Member of the People's Assembly for Idlib
- Incumbent
- Assumed office 5 October 2025

Personal details
- Born: Abdul-Razzaq As'ad Awad 1988 (age 37–38) Idlib, Syria
- Party: Independent
- Education: University of Aleppo (BA)

= Abdul-Razzaq Awad =

Syrian lawyer and politician (born 1988)

Abdul-Razzaq As'ad Awad (عبد الرزاق أسعد العوض; born 1988) is a Syrian lawyer, humanitarian and politician who has served as a member of the People's Assembly for the constituency of Idlib since October 2025.

==Biography==
Awad was born in Idlib in 1988. He obtained a law degree from the University of Aleppo in 2012 and later earned a diploma in relief and humanitarian work from Rushd University in Istanbul in 2014.

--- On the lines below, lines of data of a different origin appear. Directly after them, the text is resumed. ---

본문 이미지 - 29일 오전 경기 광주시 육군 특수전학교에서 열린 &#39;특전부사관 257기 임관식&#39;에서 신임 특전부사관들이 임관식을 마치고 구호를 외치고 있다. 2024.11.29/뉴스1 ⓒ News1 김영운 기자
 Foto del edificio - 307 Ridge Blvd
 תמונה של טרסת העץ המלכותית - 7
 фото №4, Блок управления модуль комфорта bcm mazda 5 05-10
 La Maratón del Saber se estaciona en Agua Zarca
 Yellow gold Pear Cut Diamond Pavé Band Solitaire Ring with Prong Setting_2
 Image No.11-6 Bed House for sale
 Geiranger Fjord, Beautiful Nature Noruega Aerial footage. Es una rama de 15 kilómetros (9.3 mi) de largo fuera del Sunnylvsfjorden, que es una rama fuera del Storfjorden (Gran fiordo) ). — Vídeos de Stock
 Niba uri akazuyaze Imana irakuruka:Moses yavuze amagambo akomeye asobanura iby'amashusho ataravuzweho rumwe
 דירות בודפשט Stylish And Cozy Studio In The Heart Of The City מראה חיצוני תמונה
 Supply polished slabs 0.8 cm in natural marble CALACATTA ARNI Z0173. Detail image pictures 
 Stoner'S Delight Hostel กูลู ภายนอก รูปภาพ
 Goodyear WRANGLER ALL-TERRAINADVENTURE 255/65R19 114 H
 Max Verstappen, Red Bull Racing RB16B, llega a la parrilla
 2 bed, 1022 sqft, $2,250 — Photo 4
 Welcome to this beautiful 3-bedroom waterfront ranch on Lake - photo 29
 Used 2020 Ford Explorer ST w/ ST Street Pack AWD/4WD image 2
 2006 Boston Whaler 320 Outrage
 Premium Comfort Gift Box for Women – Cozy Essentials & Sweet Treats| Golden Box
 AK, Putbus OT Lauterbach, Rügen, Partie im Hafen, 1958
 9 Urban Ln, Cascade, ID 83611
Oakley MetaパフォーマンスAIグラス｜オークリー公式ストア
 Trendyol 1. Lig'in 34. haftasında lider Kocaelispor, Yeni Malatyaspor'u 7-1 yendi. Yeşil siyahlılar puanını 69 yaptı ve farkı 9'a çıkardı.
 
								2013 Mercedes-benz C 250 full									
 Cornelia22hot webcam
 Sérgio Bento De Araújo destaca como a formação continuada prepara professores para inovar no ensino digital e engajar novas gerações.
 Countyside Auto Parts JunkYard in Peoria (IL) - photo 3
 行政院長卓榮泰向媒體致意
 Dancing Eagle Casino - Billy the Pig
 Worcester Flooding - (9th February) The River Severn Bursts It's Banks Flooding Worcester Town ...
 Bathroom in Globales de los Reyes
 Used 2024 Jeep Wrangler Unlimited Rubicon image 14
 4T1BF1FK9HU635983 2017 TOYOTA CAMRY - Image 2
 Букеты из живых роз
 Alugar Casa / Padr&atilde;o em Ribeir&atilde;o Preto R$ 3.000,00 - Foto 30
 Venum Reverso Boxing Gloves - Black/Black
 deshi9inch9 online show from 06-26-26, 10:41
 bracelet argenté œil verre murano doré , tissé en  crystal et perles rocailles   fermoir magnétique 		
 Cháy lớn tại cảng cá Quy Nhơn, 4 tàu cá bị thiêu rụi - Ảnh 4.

Following the beginning of the Syrian revolution in 2011, Awad participated in the protest movement in Idlib before becoming involved in humanitarian and development work. During the Syrian civil war, he worked with several Syrian humanitarian organizations, including Rahmaa Baynahum Association, Violet Organization (Banafsej), Syria Relief, and Action For Humanity, focusing on relief programs and community initiatives.

On 19 November 2018, Awad was arrested by the Syrian Salvation Government, the de facto administration in parts of Idlib at the time. The authorities stated that his detention was related to a lawsuit filed by beneficiaries of a livelihood project implemented by the Violet Organization, alleging financial misconduct involving approximately US$46,000. The organization rejected the allegations, stating that the claims were motivated by personal disputes and that Awad had acted within the framework of humanitarian work. He was later released after 13 days, following public criticism of his detention.

Following the fall of the Assad regime in December 2024, Awad participated in the 2025 parliamentary election and was elected as a representative for Idlib on October 2025.